Halliburton Co. remains committed to the North American land markets but opportunities to grow its revenue lie in non-frack businesses, the company's chief executive said Sept. 4.

Since the first quarter of 2017, Halliburton's non-frack revenue per rig has increased by 40%. In the first half of 2019 alone, non-frack revenue has grown 13%, CEO Jeffrey Miller said during a Sept 4 presentation at Barclays CEO Energy-Power Conference.

He said the oilfield services company has grown its share of services per well in the North American land market as it invests in non-frack service lines including cementing, wireline and artificial lift.

This revamped focus addresses market changes as shale plays industrialize and mature, and as operators address a shift in shareholder interests including production growth, capital discipline and healthy free-cash-flow generation, Miller said.

Producers are focused on efficiency and well productivity as they exercise capital discipline but also attempt to offset declines from a maturing production base. Miller noted that addressing productivity challenges requires multi-well pad penetration, longer lateral lengths and increased proppant loading.

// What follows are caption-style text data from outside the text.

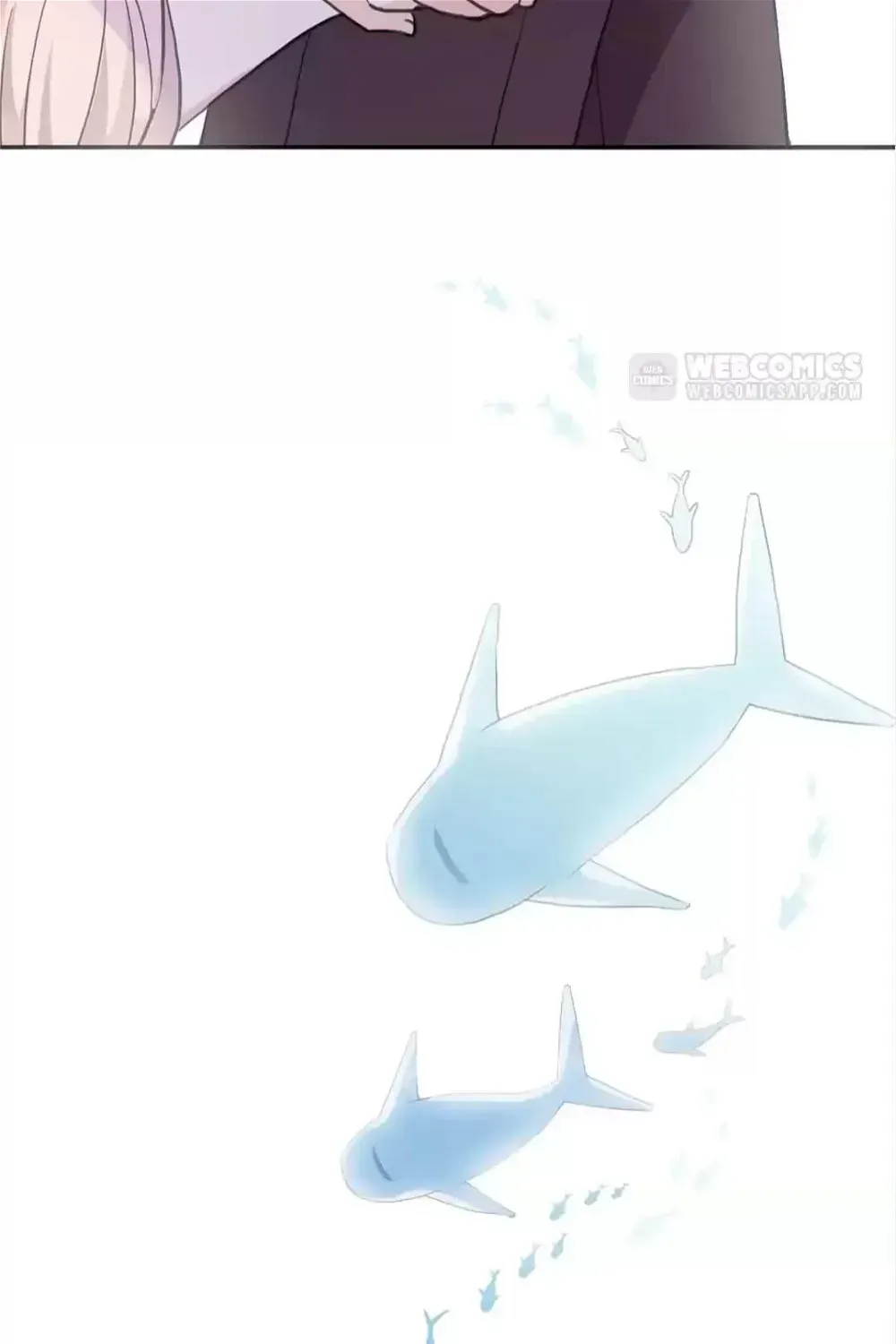 Sweet Bite Marks Chapter 5.1 page 21 - 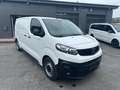 Fiat Scudo L1,Klima+Tempomat+Bluetooth Blanc - thumbnail 7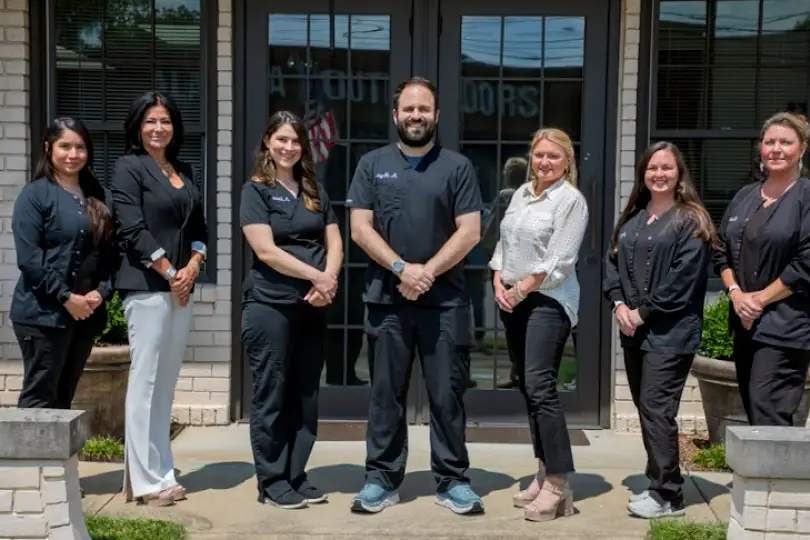 Feagin Family Orthodontics - Pell City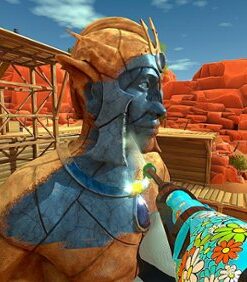 PowerWash Simulator - PlayStation 4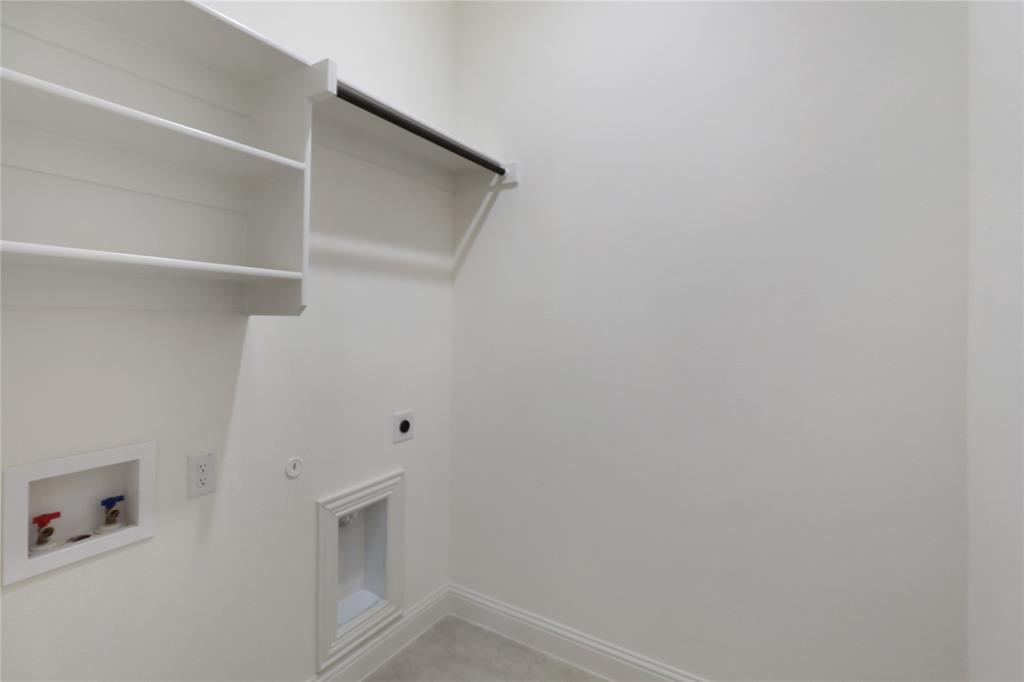 Trinity Falls Planning Unit 7 Ph 2 - Residential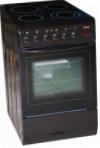 Gorenje EEC 265 W Kitchen Stove, type of oven: electric, type of hob: electric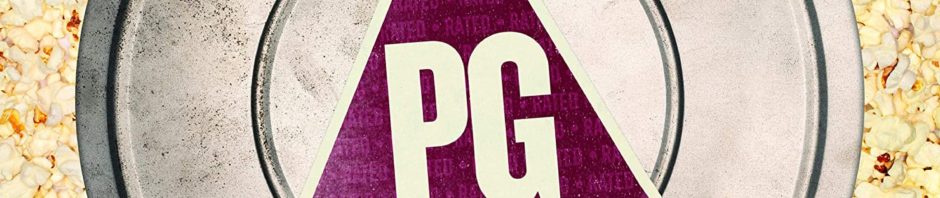 Peter Gabriel / Rated PG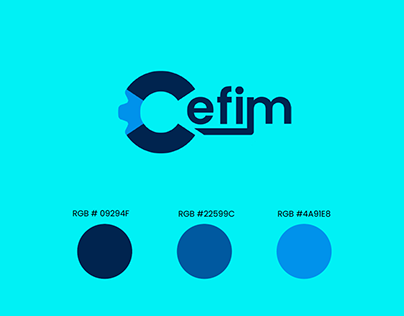 Propuesta de Logo - Cefim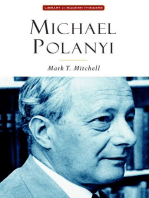 Michael Polanyi: The Art of Knowing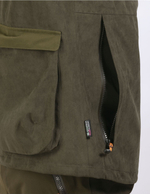 Куртка Hart Taunus XHP-J (Dark Olive)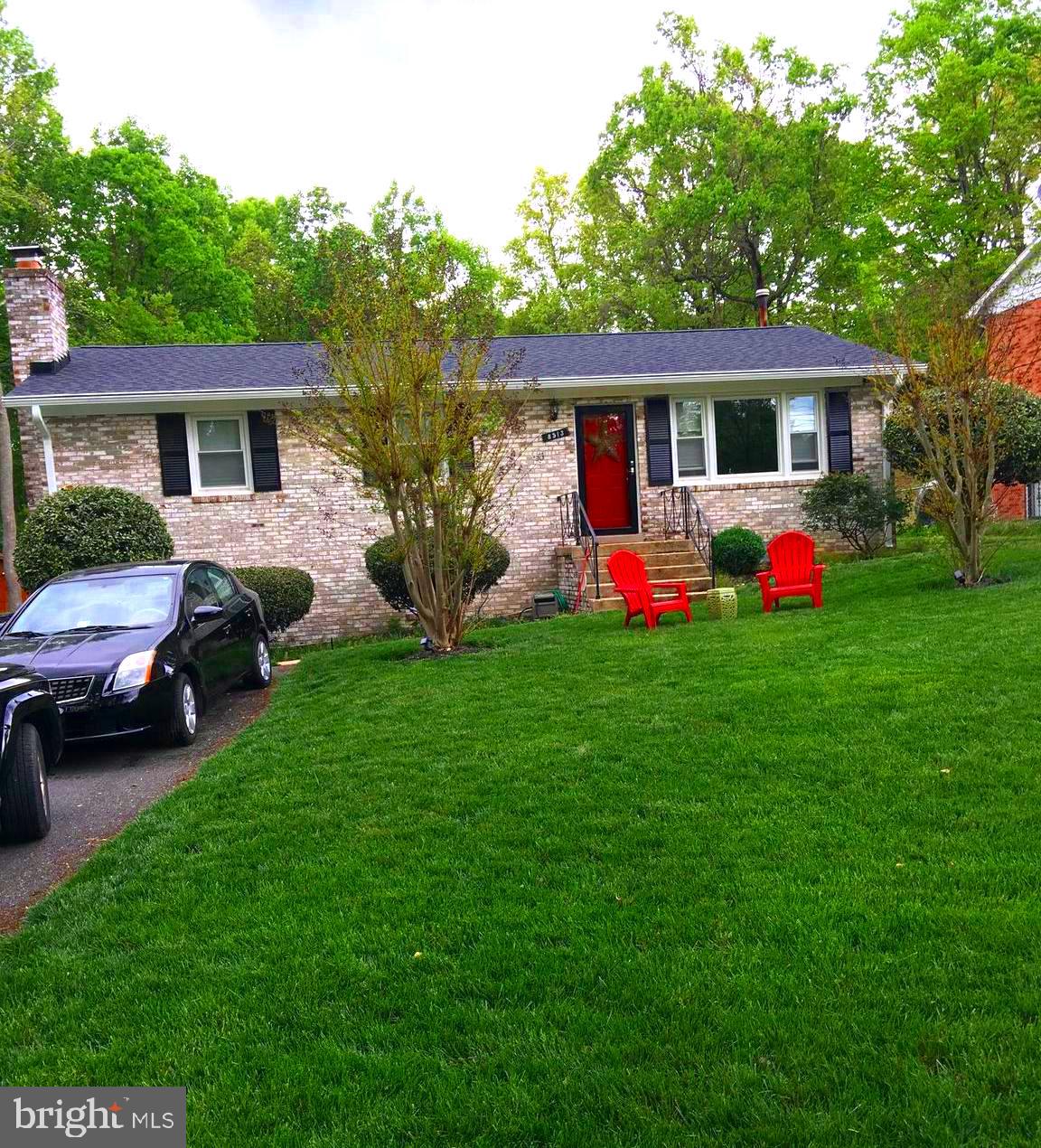 8513 Schultz Road Clinton, MD 20735 - Photo 1 of 2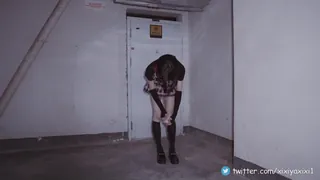 暗黑系伪娘的自撸 手机浏览器流畅观看预览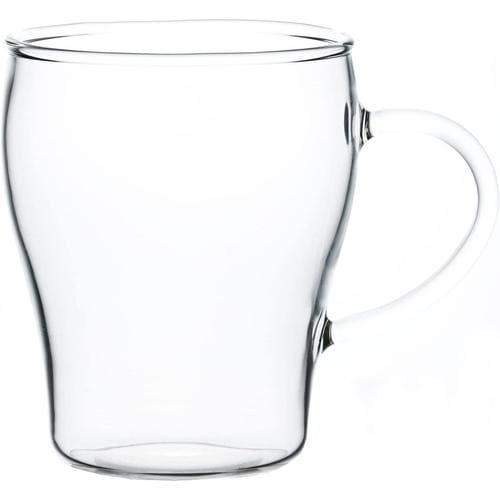 耐熱マグカップ 410ml×3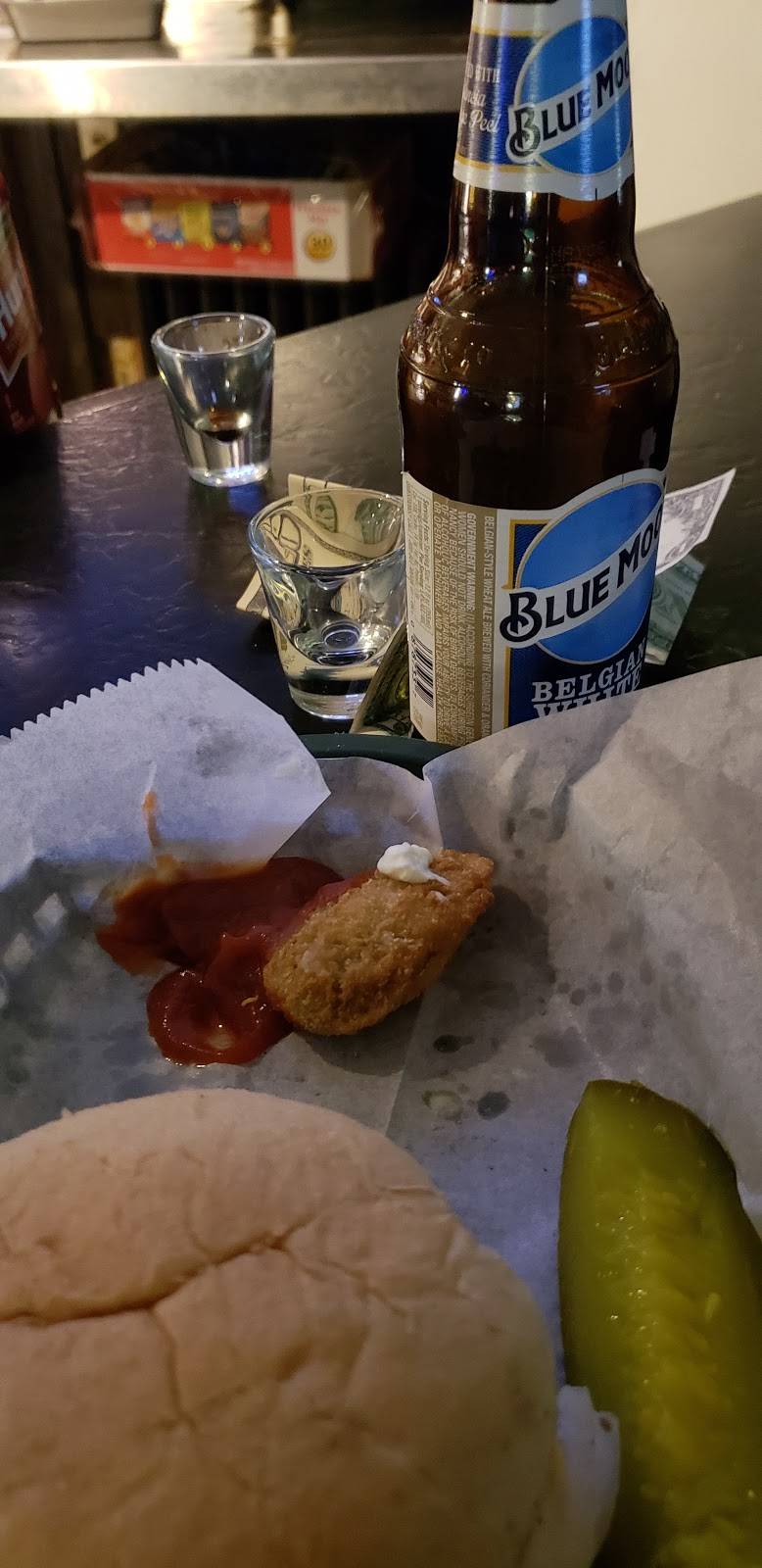 Corner Bar & Grill | restaurant | 1108 76th St, Caledonia, WI 53108, USA | 2628352008 OR +1 262-835-2008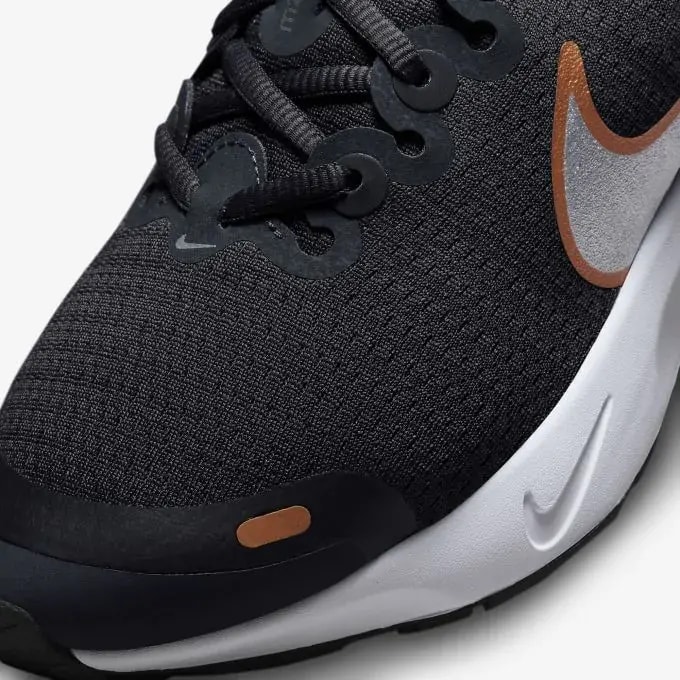 Giày Nike Renew Run 3 'Dark Smoke Grey' DD9278-006 — ảnh 4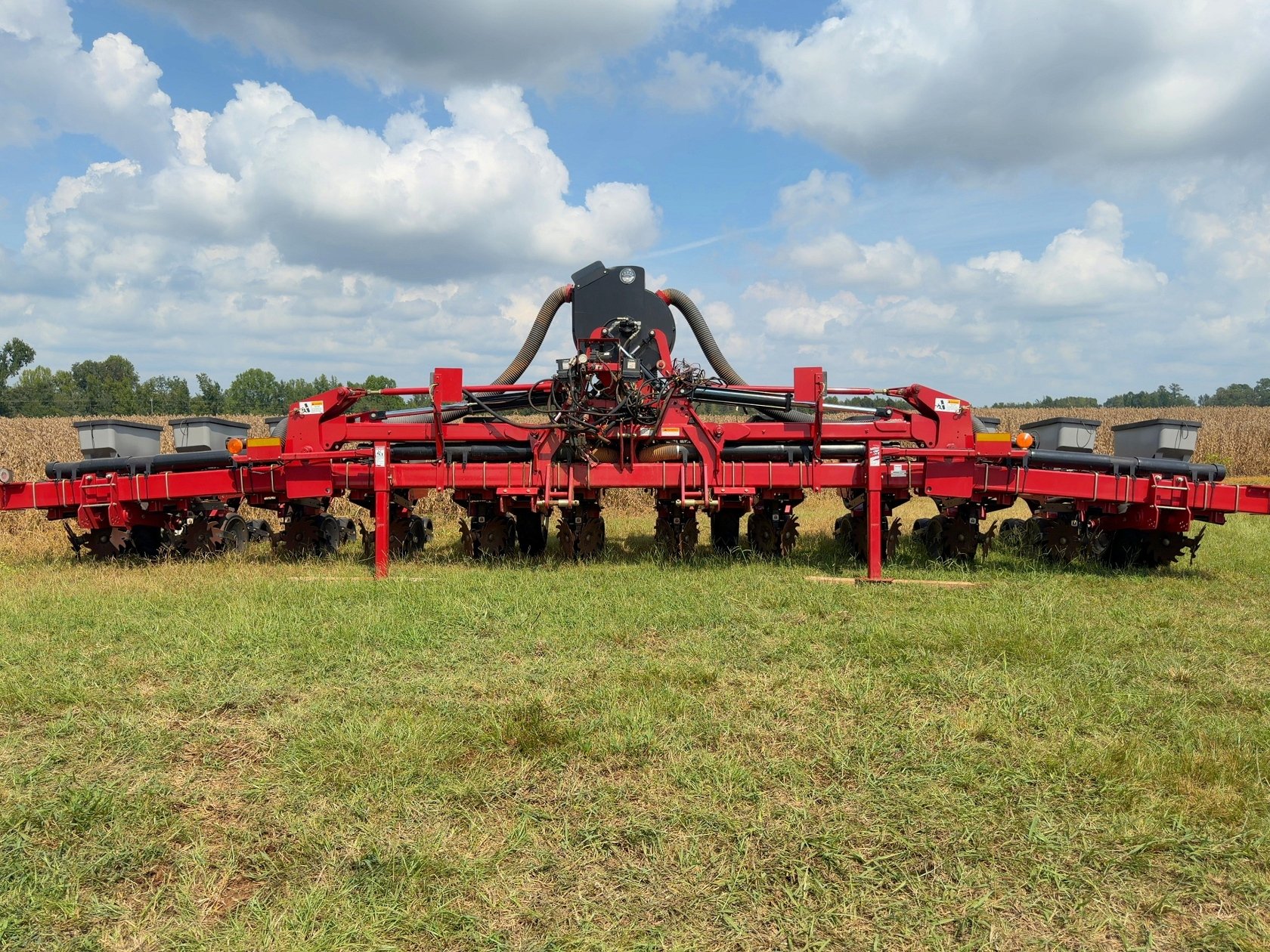 2012 Case Ih 1230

However, operators continue to attempt to push service prices down to lower well costs, he said.

"The operators' objective of lowering well cost per [estimated ultimate recovery] is aligned with our value proposition: collaborate and engineer solutions that maximize asset value for our customers," Miller said.

The industry structure will improve as it adjusts to the new environment through consolidation and rationalization in pressure pumping, he said.

Ahead of the industry structure improvements, Halliburton is taking additional cost reduction measures. The company is seeking opportunities to increase efficiencies and is stacking equipment if it does not meet return thresholds.

"We won't burn up our fleet chasing market share," Miller said. "We may lose some top line in the process, but we'll adjust to ensure our decisions are accretive to returns."